Retail turnover relatively unchanged in March
Overall Australian retail turnover in March 2018 was relatively unchanged (0.0 per cent) in seasonally adjusted terms, following a 0.6 per cent rise in February 2018.
Ben James, ABS Director of Quarterly Economy Wide Surveys, said: "While there was a rise in food retailing of 0.7 per cent in March 2018 all other industries fell - cafes, restaurants and takeaways (-0.8 per cent) led the falls, but other retailing (-0.6 per cent), household goods retailing (-0.3 per cent), department stores (-0.5 per cent) and clothing, footwear and personal accessory retailing (-0.2 per cent) also fell."
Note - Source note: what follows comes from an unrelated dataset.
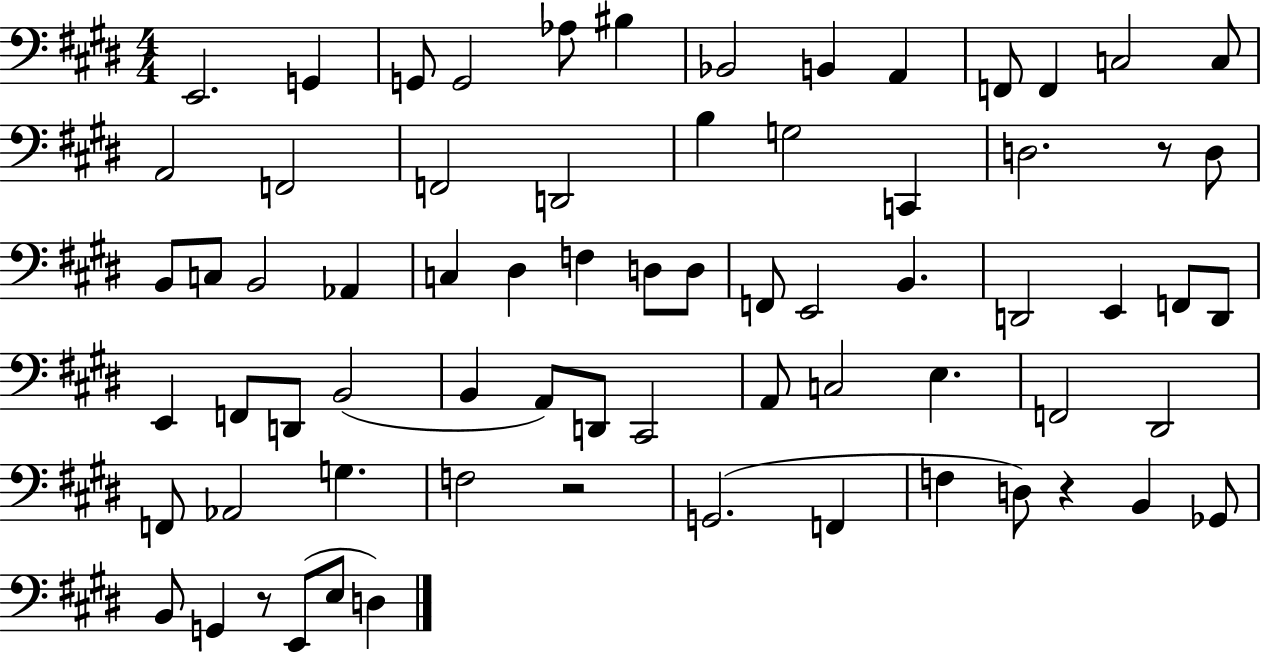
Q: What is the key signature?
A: E major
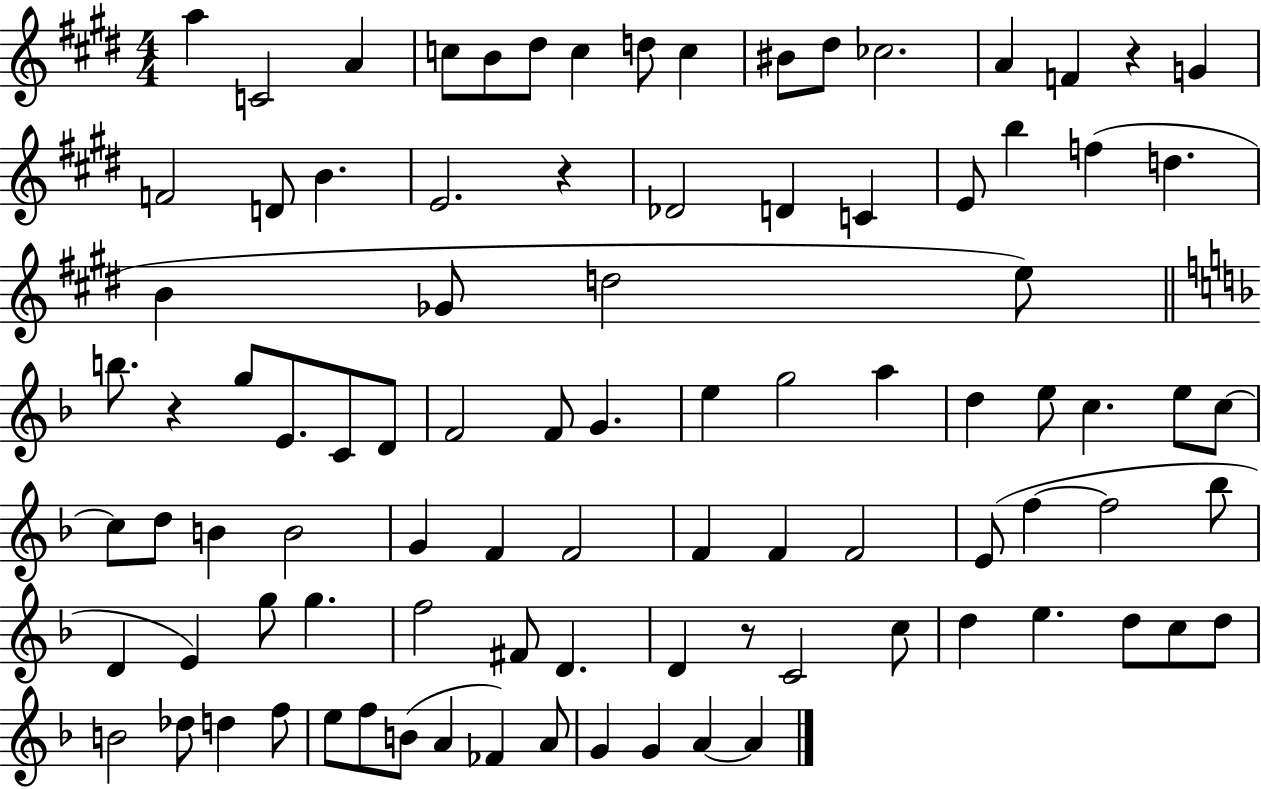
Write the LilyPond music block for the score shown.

In seasonally adjusted terms, there were falls in New South Wales (-0.1 per cent), Queensland (-0.2 per cent), Western Australia (-0.1 per cent) and Tasmania (-0.3 per cent). Retail trade in Victoria (0.2 per cent), the Australian Capital Territory (1.5 per cent), South Australia (0.2 per cent) and the Northern Territory (0.1 per cent) rose.
The trend estimate for Australian retail turnover rose 0.3 per cent in March 2018, following a rise (0.3 per cent) in February 2018. Compared to March 2017, the trend estimate rose 2.6 per cent.
Online retail turnover contributed 5.1 per cent to total retail turnover - up from 3.7 per cent a year ago - in original terms in March 2018.
In seasonally adjusted volume terms, turnover rose 0.2 per cent in the March quarter 2018, following a rise of 0.8 per cent in the December quarter 2017. The rise in volumes was led by food (0.7 per cent), household goods (1.2 per cent) and clothing, footwear and personal accessories (1.1 per cent).
More detailed industry analysis and further information on the statistical methodology is available in Retail Trade, Australia (cat no. 8501.0).
- For a detailed definition of each industry group and subgroup in terms of its ANZSIC 2006 classes, please refer to paragraph 6 of the Explanatory Notes.
- Estimates of online retail turnover are only available in original terms and are not available in seasonally adjusted or trend terms.
- Along with the monthly current price estimates that reflect both price and volume changes, the March, June, September and December publications also present quarterly estimates that reflect volume and price changes separately.
- When reporting ABS data, the Australian Bureau of Statistics (or ABS) must be attributed as the source.